Temple University radio, WRTI, is classical by day and jazz by night. On their HD-2 channel they reverse the formats and do jazz by day and classical by night. They used to be all jazz but when another public radio station flipped to news and information and a commercial classical station also flipped, they adopted this split schedule (in typical public sector fashion - trying to compromise by pleasing nobody).
This isn't day and night but NJ 101.5 does talk weekdays and classic hits on weekends. A smart move. Talk usually bombs on weekends and stations end up doing "best of" segments or running infomercials (often disguised as how-to talk shows). NJ 101.5 oldies playlist targets the same age group their talk shows reach. Oldies start Friday evening and run through Sunday overnight.

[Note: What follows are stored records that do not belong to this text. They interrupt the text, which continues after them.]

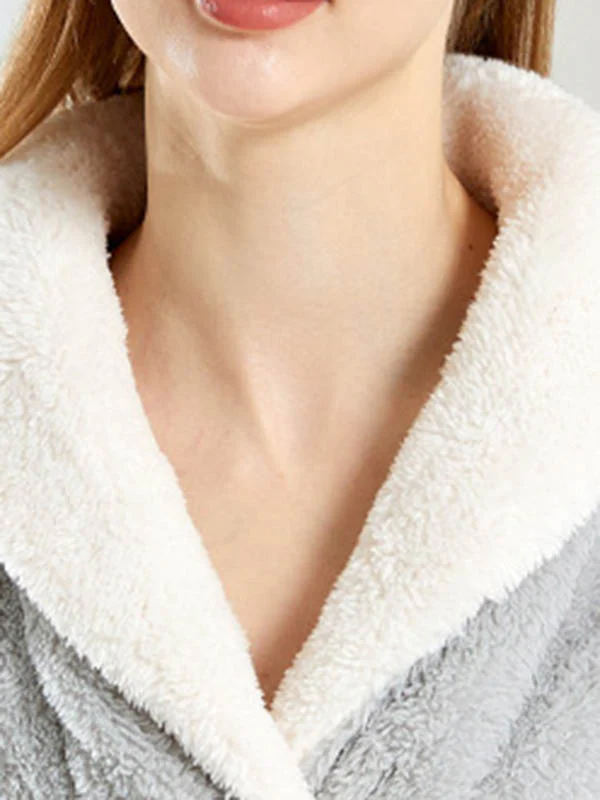 Coral Fleece Split-Joint V-Neck + Pants Pajama Two Pieces Set - Image 12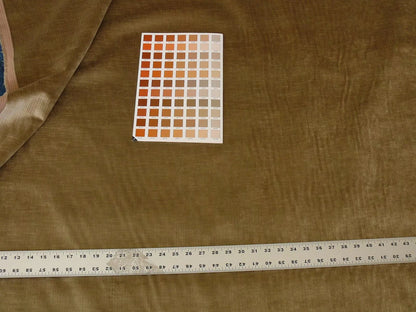3.6Y Scalamandre Upcountry Striae Velvet Brown Golden Olive Green Silky MSRP USD 204/yard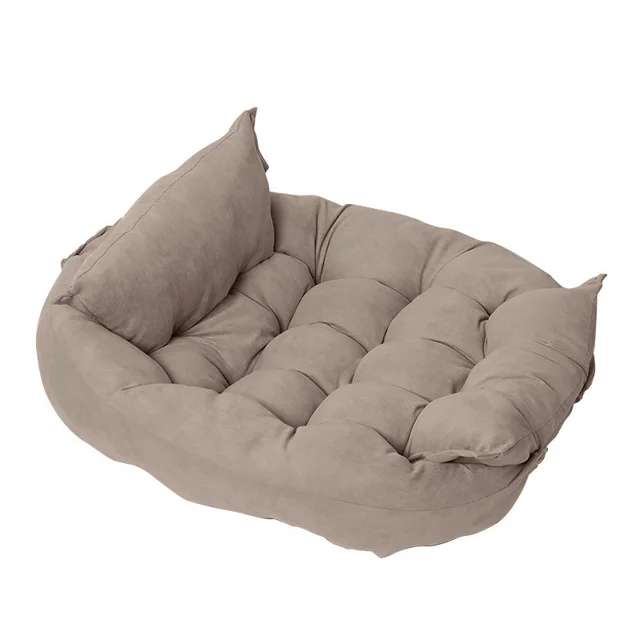 Summer Folding Dog Sofa Bed Soft Pet Mat Method To Fight Small And Medium Sized Dog Pet Kennel Khaki Brown - Shop at LoveMi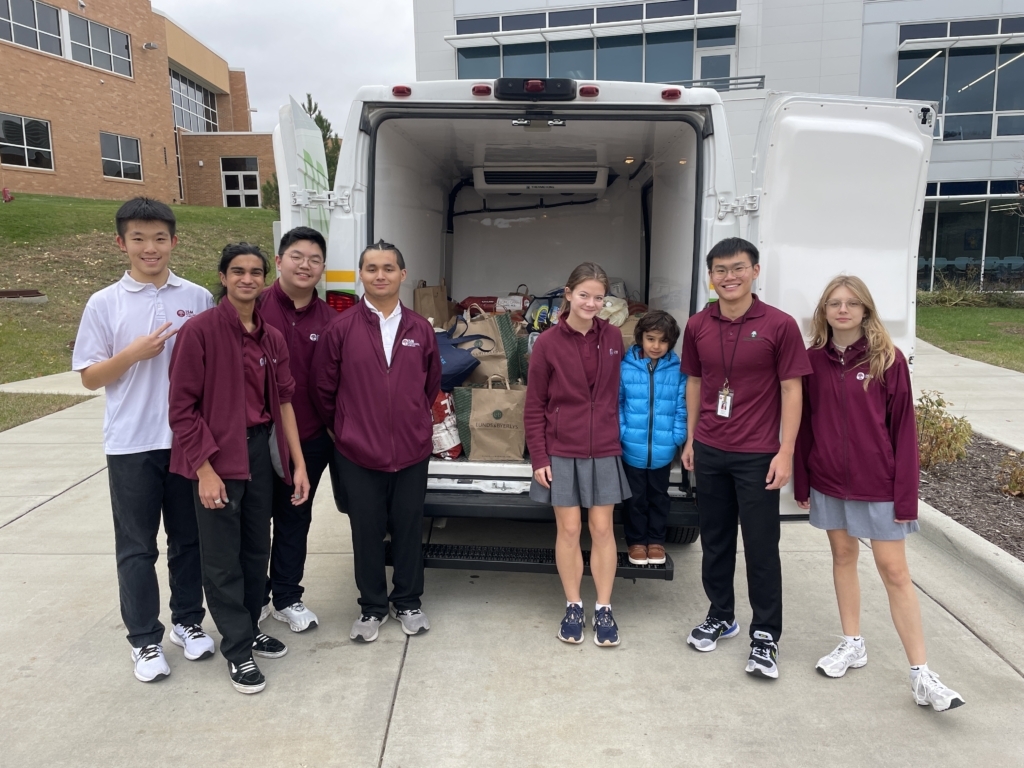 ISM students dropped off 2,184 pounds of food and necessities at PROP Food's Eden Prairie facility on Nov. 6. Photo by Sarah Bianucci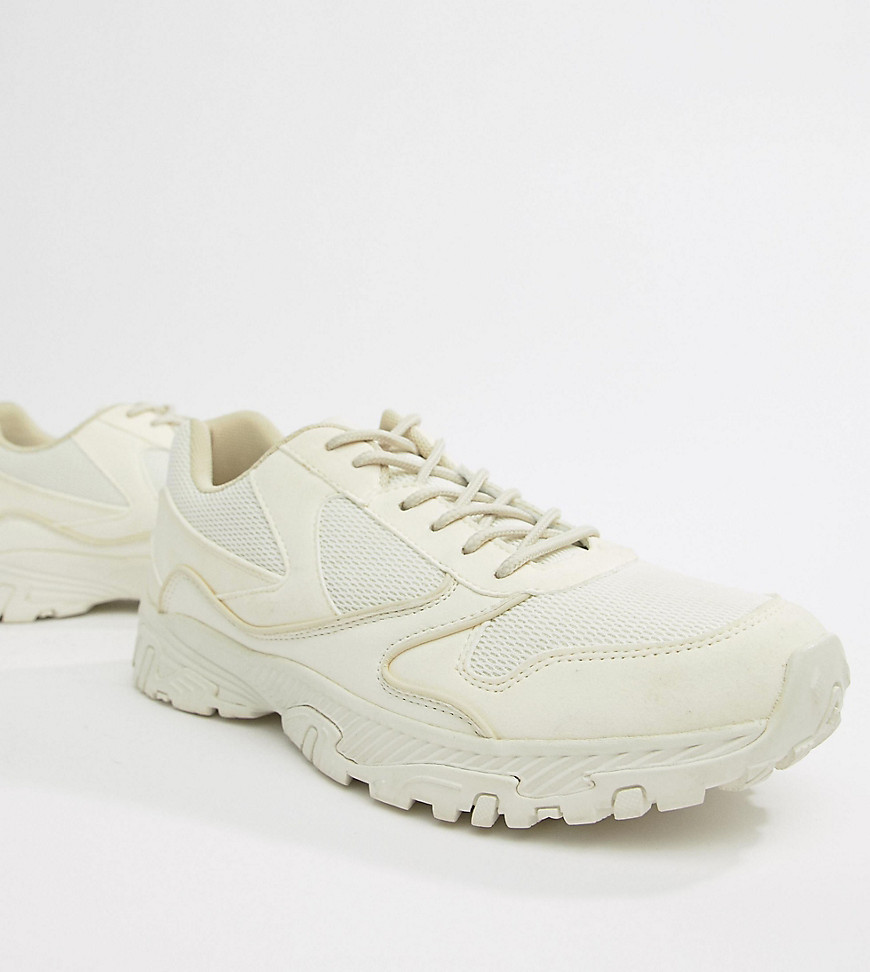ASOS DESIGN Wide Fit trainers in off white with chunky sole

Many smaller market public radio stations still run the "tent pole" format: NPR news magazines in morning and afternoon drive plus maybe Fresh Air or something in there someplace. Typically, they run classical middays and jazz at night. Even some folk on the weekends. A lot of public radio stations in larger markets used to do this, too, but now almost all have opted for a consistent format. One notable exception is KCRW, Santa Monica (LA market).
This used to be block programming and it was the norm before wall-to-wall formats. Even AM top 40 stations or popular music stations used to vary their playlists considerable between daytime and evening hours. During the day, when kids were in school, playlists were softer hits and even some MOR. At night, for the teen audience while parental units watched TV, they skewed toward hard rock.